L'Esperienza della Musica Inglese racconta la storia della musica britannica attraverso costumi, strumenti, performance e memorabilia. Qualunque sia la tua età e i tuoi interessi, troverai qualcosa di interessante qui per te.
Abbiamo abiti indossati da artisti che vanno da Freddie Mercury e Dusty Springfield ad Adam Ant, le Spice Girls e Mick Jagger, oltre a strumenti musicali suonati da alcuni degli artisti più rinomati al mondo, da Roger Taylor dei Queen ai Sex Pistols e Ian Curtis. Abbiamo persino testi di canzoni scritti a mano da Adele, le statue originali dei Brit Awards e la porta d'ingresso dell'Apple Corp di Savile Row.
Potrai anche metterti alla prova nel nostro studio Dance the Decades, cantare a squarciagola nella nostra Vocal Booth o suonare chitarre e batterie top nel Gibson Interactive Studio.
Dopo l'evento principale, sfoglia una gamma esclusiva di regali, abbigliamento, libri e memorabilia dal Merch Store e puoi riposare quei piedi danzanti con una selezione di deliziosi spuntini e pasti nello Star Café.

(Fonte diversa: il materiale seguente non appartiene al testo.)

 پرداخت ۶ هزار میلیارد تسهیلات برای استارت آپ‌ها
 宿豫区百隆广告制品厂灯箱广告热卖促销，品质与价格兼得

L'attuale mostra temporanea è "Don't Believe the Hype… Uncovering the Artwork of Arctic Monkeys' Debut Album". L'esposizione esplora la creazione e l'eredità culturale di una delle copertine di album più riconoscibili del XXI secolo: "Whatever People Say I Am, That's What I'm Not", l'album di debutto degli Arctic Monkeys del 2006, con la mostra che viene lanciata esattamente 20 anni dopo il giorno dell'uscita dell'album.
Centrata sull'arte che circonda l'album, la mostra va oltre l'immagine iconica della copertina per esaminare il più ampio mondo visivo da cui è emersa - una sequenza di momenti ordinari, incontri e tracce che insieme hanno formato un ritratto autentico della cultura giovanile dell'epoca.
La mostra documenta il percorso concettuale di Scott Jones, direttore creativo dell'album, insieme a materiale fotografico originale, scarti, immagini interne e manufatti personali dell'epoca. Segue un approccio "giorno nella vita" all'identità visiva dell'album: l'immagine di copertina, le grafiche dei singoli e le sequenze fotografiche che hanno immortalato un momento specifico nel tempo.
Insieme, questi materiali formano un documento visivo esteso della gioventù, del luogo e dell'esperienza vissuta, degli spazi condivisi, della noia, dell'attesa e dei piccoli momenti che in seguito hanno assunto un significato culturale.
L'esposizione reinterpreta la copertina dell'album non come un atto di branding, ma come un documento sociale di una generazione ai margini dell'economia dell'attenzione.
La mostra sarà aperta dal 23 gennaio 2026 al 22 marzo 2026 ed è inclusa in tutti i biglietti d'ingresso generali.